Giovi also stands out as coordinator of the Civil Association of Trans and Non-Binary Men of Santa Fe, where he works on promoting rights and providing support for trans people, especially youth and their families. His work focuses on providing a safe and supportive space for trans people and advocating for public policies that address the community's needs. He also has support from the Trans Memory Archive to promote visibility and document the history of transmasculinities.

In 2021, he helped organize the Transpalooza festival alongside the trans men's association. This festival was entirely composed of trans people, marking a milestone in the city.
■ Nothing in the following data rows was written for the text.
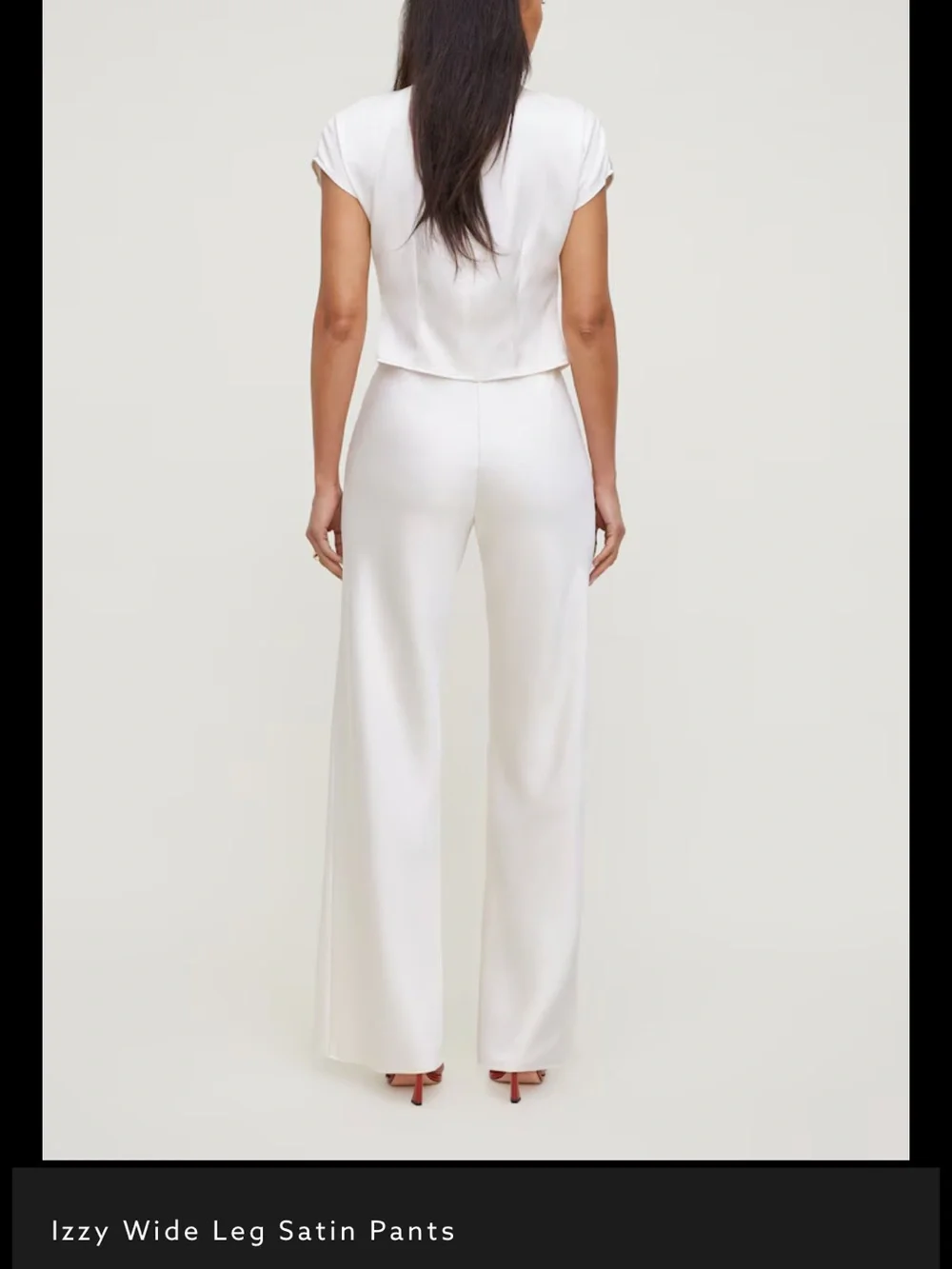 Dynamite Izzy Wide Leg Satin Pants in White - Picture 2 of 5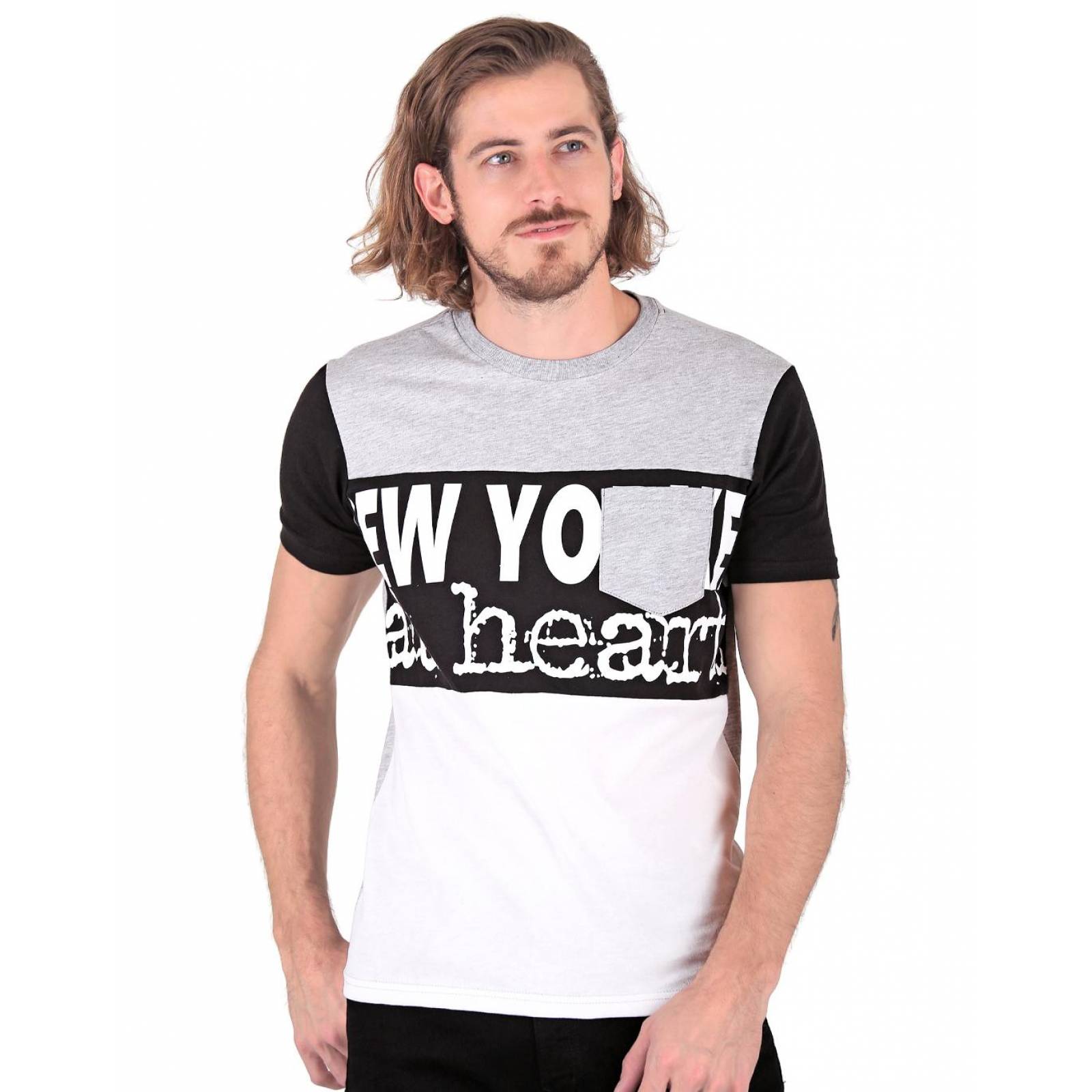 Playera Moda Camiseta Hombre Gris Silver Plate 60204210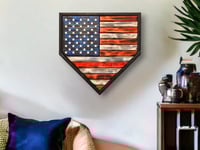 Image 1 of American Flag Wooden Baseball Home Plate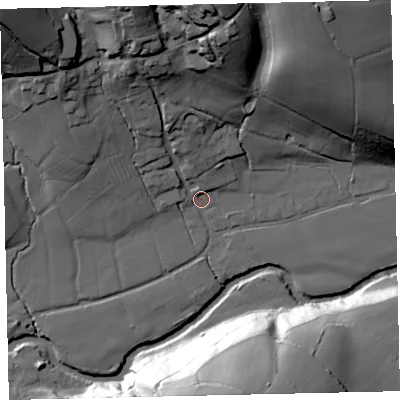 Shaded relief map of the ground around EX67HD, computed from Environment Agency LiDAR. The ground here sits at about 63 m above sea level and falls 56 m across the surrounding 800 m. Surface water reaching this point runs off ground lying to the north-north-west, 27.6 m higher.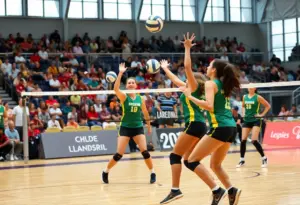 University of Dayton volleyball players competing in a match.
Together with the group Xadres and the trans men and families association, he produced a documentary titled *"Trans Childhoods and Their Families."* This film shares the life experiences of trans children and families from his organization, and in 2021, it was screened at the Argentine Chamber of Deputies to mark the 10th anniversary of the Gender Identity Law (Argentina).

He is also the author of ordinance 12.814, the first ordinance establishing a comprehensive approach to trans childhoods in Argentina, and ordinance 12.880, which created the Municipal Day of Trans and Non-Binary Childhoods (celebrated on the last Saturday of August to coincide with other festivities during Children's Month); both are significant achievements for the recognition of trans children's rights. He also played an important role in designing and launching a mental health program for trans children in coordination with the Municipality of Santa Fe, providing free services since 2023.